70% of Cloud Strategies Fail: Why and What Can Be Done?

Arraya Insights | September 15, 2015

It’s no surprise given the analytical, security and mobility advantages offered by migrating to the Cloud that so many in extended care are planning to embrace it in one form or another. Cloud cloud handinfrastructure reduces costs, requires less maintenance and allows for the scalability needed to keep up with fluid organizational needs and industry regulations. There’s no doubt the returns can be plentiful, however, the path to the Cloud is rife with potential snares. Organizations who fall victim to those snares can pay the price – both in terms of the budget and the project timeline.

That’s the situation according to a study conducted by INetU and THINKstrategies on the Cloud migration experience. Specifically, it found:

  • 70% of organizations had to adjust their Cloud design in mid-migration
  • 52% had to make changes within the first six months
  • 49% said their project necessitated a budget increase within six months
  • 43% said their Cloud deployments failed or stalled

What can go wrong with the Cloud

It’s usually up to the already-swamped folks in IT to work closely with the chosen Cloud-provider to craft a comprehensive Cloud strategy, covering every part of the implementation process and after. If something goes wrong, it can result in delays and inflating budgets, two surefire ways to turn the tide of organizational support against a project and cast IT in a less-than-positive light. Also, deployment issues could compromise security down the road, possibly exposing the facility to hefty HIPAA-fines.

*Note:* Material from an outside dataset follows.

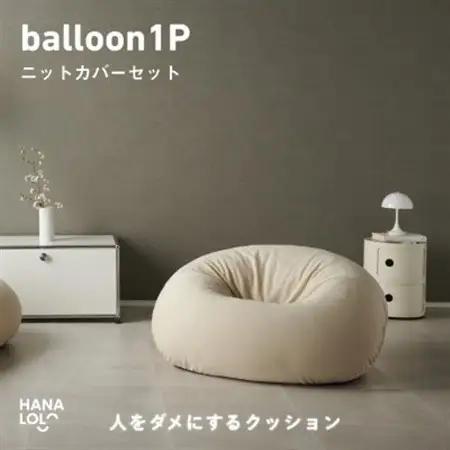 【ハナロロ】バルーンソファ 1P ニットカバー付(ナチュラルベージュ)【1643846】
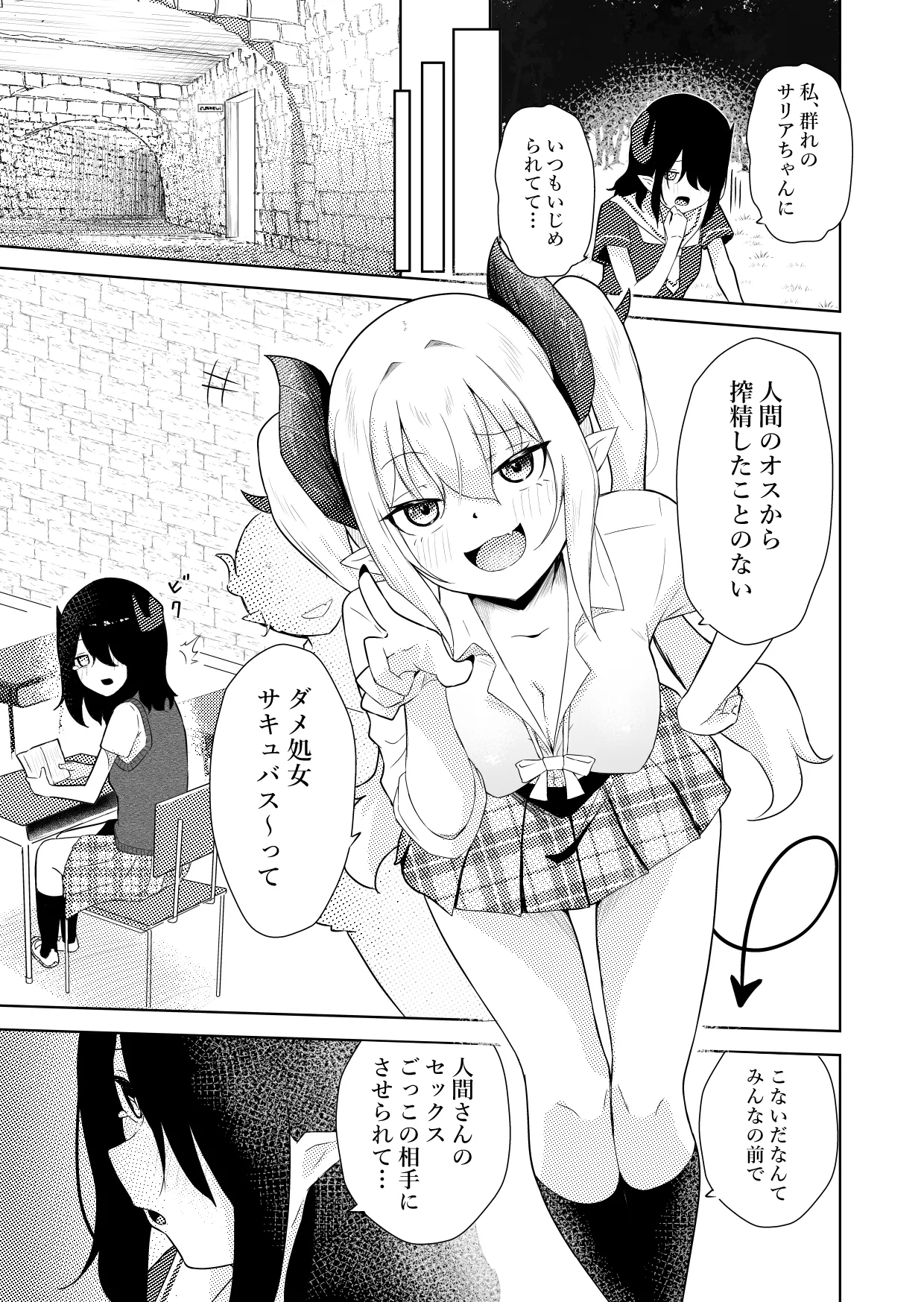 陰キャいじめられっ子サキュバスにいじめられるお話 Page.12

Where do facilities most often trip up when migrating to the Cloud? Here’s a look at six of the more common Cloud mistakes organizations make:

  • Going it alone. From the outside, getting to the Cloud can look pretty straightforward. Once facilities actually get into the process, many realize they’re out of their depth. It helps to have an advisor who’s been through the Cloud journey many times before. This resource knows where the issues are and what can be done to mitigate them. Even more importantly, in a heavily-regulated field such as extended care, it is hugely beneficial to have someone with a working knowledge of the rules and regs of the industry to avoid compliance disputes.
  • Too much, too soon. Not every bit of data needs to live in the Cloud. Even if it should end up in the Cloud, it doesn’t need to be there right off the bat. Despite that, extended care sites can get caught up in the allure of the Cloud and end up trying to do too much. That’s another aspect where having a partner with experience can make the difference. Starting small allows facilities to gain valuable in-house experience and familiarity with the Cloud before they advance to the next level.
  • Getting caught up in the here and now. Today’s needs are important, but in evolving industries like extended care, it’s critical to plan for tomorrow and beyond. Even though the Cloud is inherently scalable, it’s good to account for future growth at the start. This not only helps when it comes to choosing a service model, but it’s essential to figuring out a long-term cost structure.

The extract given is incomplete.